La programmation du dimanche s’étirant entre plusieurs lieux éloignés, le festival a mis en place une navette poète, dans laquelle la comédienne Leonor Canales Garcia (Compagnie À Petits Pas) dans son personnage de Marilyn, clown déjantée et burlesque, accompagnait les passagers pour un moment à la fois hilarant, touchant et poétique. Premier arrêt, la maison du théâtre et une salle remplie de nombreux enfants pour Reality Show, une création du collectif les Vibrants Défricheurs mêlant musique et art visuels. Le spectacle s’articule autour d’un habile dispositif qui interconnecte image et son pour construire des supports d’improvisation variés et pertinents dans lesquels le public est pris à témoin. Les enjeux de l’improvisation sont clairement exposés et ouvrent sur un moment drôle et partagé. Un fourmillement d’installations sonores et visuelles apporte relief et surprise dans un spectacle tout en contraste et captivant du début à la fin. Poétique et inattendu, beau et envoûtant, Reality Show m’a particulièrement conquise et marquée.

Reality Show à la Maison du Théâtre de Brest (Collectif des Vibrants défricheurs). © Hervé Le Gall

Retour dans la navette poète, direction la chapelle du Bon Port, où Rafaëlle Rinaudo (artiste associée de Plages Magnétiques) et Rozenn Talec proposent une performance musicale autour des poèmes de Marcelle Delpastre et Anjela Duvale. La voix, profonde et ancrée, déclame les vers évoquant le rapport au vivant, au monde paysan, au corps. La harpe semble nous en dire tout autant, en notes et en effets sonores. Un beau moment musical et des textes plein de sens, comme le rappelle le regard appuyé de Rozenn Talec en direction du public lorsqu’elle clôt un poème sur son dernier vers, « nous n’aimions pas assez la terre pour y rester ».

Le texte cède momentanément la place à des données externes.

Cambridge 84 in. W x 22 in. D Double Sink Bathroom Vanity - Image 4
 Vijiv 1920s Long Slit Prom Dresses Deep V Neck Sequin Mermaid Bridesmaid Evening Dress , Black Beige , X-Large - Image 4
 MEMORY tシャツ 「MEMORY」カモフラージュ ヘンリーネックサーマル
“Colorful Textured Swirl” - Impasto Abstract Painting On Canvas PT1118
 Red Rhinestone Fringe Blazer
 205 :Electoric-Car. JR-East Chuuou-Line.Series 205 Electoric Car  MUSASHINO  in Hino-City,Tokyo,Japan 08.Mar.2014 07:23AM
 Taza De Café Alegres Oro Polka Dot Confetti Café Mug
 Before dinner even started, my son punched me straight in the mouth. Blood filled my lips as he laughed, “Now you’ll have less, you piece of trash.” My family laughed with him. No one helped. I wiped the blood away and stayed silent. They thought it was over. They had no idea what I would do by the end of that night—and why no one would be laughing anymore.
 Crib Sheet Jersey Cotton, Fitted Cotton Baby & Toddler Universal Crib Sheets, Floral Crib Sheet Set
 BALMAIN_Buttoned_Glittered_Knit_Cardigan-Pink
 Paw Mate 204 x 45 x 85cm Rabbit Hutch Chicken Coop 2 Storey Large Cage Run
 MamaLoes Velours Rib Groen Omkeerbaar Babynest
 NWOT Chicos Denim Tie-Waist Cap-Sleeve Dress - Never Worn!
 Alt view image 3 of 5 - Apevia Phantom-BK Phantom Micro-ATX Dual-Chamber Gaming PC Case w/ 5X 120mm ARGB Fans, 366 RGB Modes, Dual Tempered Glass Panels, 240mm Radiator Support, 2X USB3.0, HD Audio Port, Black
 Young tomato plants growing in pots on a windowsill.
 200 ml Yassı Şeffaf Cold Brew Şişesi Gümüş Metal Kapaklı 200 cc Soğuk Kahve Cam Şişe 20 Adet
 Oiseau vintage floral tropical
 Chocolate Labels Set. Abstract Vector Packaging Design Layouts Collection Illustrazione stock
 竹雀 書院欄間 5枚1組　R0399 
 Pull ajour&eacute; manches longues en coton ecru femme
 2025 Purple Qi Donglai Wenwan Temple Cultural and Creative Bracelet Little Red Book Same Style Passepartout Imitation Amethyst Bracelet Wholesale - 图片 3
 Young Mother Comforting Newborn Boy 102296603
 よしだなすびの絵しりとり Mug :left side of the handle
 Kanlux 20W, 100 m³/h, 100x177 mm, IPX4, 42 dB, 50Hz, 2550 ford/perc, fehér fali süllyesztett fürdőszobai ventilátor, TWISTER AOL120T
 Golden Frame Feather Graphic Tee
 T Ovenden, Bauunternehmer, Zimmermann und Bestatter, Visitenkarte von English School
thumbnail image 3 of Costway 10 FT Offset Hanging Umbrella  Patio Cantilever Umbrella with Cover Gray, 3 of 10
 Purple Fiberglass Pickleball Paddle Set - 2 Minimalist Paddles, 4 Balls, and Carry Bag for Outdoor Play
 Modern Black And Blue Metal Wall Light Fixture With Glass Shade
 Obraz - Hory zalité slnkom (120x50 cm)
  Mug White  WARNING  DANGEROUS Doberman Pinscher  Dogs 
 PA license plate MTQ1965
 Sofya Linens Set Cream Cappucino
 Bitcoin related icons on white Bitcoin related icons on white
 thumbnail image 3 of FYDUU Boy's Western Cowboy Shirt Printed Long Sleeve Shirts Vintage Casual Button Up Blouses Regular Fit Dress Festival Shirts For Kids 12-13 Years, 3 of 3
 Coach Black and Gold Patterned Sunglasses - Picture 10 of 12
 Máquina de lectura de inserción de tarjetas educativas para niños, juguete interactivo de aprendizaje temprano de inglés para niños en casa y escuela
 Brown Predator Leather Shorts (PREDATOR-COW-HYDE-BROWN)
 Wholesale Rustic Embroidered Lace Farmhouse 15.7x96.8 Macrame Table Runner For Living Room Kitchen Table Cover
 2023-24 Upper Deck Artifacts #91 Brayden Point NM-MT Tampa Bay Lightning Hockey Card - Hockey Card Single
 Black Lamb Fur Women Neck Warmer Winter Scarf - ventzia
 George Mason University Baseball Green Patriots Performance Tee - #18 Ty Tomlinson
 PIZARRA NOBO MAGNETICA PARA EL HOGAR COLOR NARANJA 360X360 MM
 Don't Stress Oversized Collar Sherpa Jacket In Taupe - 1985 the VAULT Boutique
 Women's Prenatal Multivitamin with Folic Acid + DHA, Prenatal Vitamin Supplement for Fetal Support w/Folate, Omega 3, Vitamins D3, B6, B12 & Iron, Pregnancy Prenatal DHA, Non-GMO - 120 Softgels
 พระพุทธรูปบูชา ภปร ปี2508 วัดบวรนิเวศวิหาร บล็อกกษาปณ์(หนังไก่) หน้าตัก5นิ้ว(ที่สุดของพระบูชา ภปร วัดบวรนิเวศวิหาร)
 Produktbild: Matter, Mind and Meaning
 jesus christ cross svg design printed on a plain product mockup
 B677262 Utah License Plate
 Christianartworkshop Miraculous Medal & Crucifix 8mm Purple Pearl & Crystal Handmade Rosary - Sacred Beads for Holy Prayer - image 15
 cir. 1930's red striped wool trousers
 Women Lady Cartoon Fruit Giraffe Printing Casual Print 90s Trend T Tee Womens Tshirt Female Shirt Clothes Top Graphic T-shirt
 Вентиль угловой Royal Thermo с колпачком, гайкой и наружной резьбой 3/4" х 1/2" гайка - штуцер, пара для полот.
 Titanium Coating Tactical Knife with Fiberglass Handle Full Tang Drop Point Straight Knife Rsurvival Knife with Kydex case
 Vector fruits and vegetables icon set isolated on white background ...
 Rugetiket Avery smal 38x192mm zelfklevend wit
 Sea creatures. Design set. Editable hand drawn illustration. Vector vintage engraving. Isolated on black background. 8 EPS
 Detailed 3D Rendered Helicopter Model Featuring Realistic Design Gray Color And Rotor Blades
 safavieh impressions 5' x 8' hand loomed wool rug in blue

Rafaelle Rinaudo et Rozenn Talec. © Hervé Le Gall

Sur la route du retour, je me dis que la scène et la musique sont des espaces de liberté temporelle. Ralentir, densifier, approfondir, répéter pour différer, modifier, explorer les différentes facettes d’un timbre, d’un motif, d’un rythme, l’éclairer différemment en modifiant l’équilibre du jeu collectif petit à petit, prendre le temps de construire, de s’immerger dans quelque chose et d’y rester, d’éprouver le temps musical… Les musiques libres sont des espaces de résistance au cœur même du sensible.